Tree-Hugging and Tu B’Shevat
Because planting trees in Utah in the middle of February is a frozen challenge, Hillel for Utah students celebrated Tu B’Shevat by making a statement through art.
Tu’B’Shevat, the New Year of the Trees, is celebrated in Israel and Jewish communities as an ecological awareness day. Trees are planted and the festive meal features fruits and nuts. The seven species — wheat, barley, grapes, figs, pomegranates, olives and dates — listed in the Torah and associated with the land of Israel are also incorporated into the celebration.
“Because this holiday is about celebrating trees, we felt it was important to understand our responsibility in taking care of the trees as well as the environment in which we and the trees live in,” said Maiya Haberman, vice president for Shabbat programming and Jewish education at Hillel for Utah.
A week prior to the event, students collected single-use plastics. Israeli rap music played in the background as the students arrived at Westminster College with armfuls of empty water and soda bottles on Jan. 29.

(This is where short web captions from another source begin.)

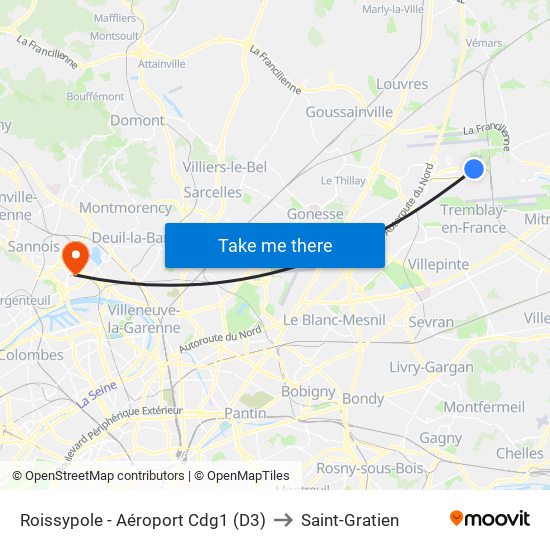 Roissypole - Aéroport Cdg1 (D3) to Saint-Gratien map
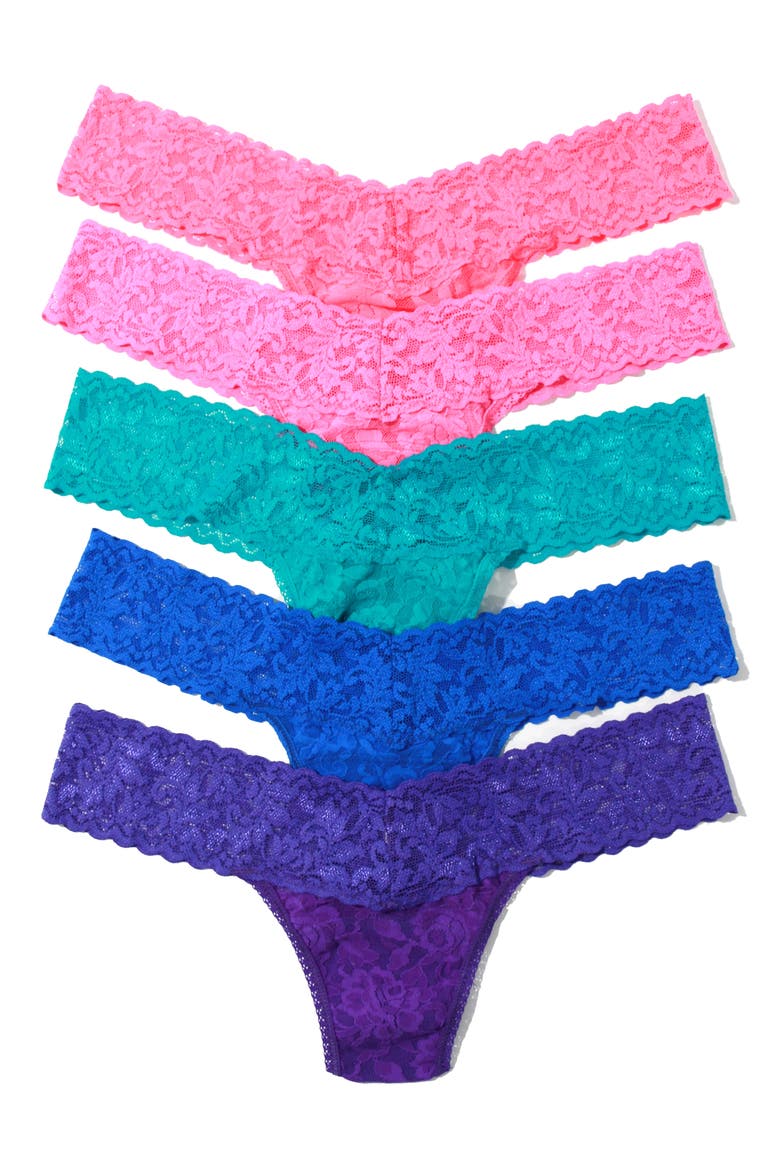Holiday Assorted 5-Pack Low Rise Thongs, Alternate, color, PINK/ BLUE MULTI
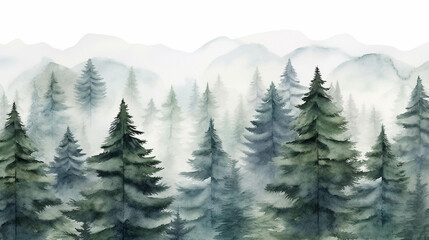 Fototapeta premium Beautiful nature watercolor picture of pine trees.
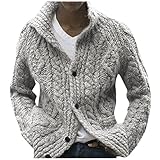 Generisch Strickjacke Wolle Herren, Mit Schalkragen Männer Button Down Zopfmuster Sweatjacke Winter Warmer Strickpullover Langarm Cardigan Sweater Herren Cardigan Strickjacken Pullover (XL, Grau)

While some students focused on creating willow and palm trees as well as cacti out of plastic, others snacked on traditional Tu B’Shevat foods, including figs, dates and other dried fruits.
“Utah’s spectacular environment draws Hillel students to the state for recreational as well as outdoor leadership opportunities,” said Dana Tumpowsky, executive director of Hillel for Utah. “We work to respond to their intrigue with the outdoors with programming that makes Judaism relevant.”
In keeping with the purpose of the New Year for the Trees, student organizers also borrowed reusable plates, cups and utensils from the Westminster College Environmental Center to minimize the waste generated from the event. The “trees” created at the event will be on display with an educational poster outside of the Environmental Center for the next two weeks.
“The environmental impacts of single-use plastics such as plastic bottles, straws, utensils and plastic packaging are devastating to ecosystems, especially in the ocean,” said Alex Bochner, vice president for outdoor programming at Hillel for Utah. “We thought blending environmental stewardship and the celebration of trees would match the focus of Hillel students in Utah.”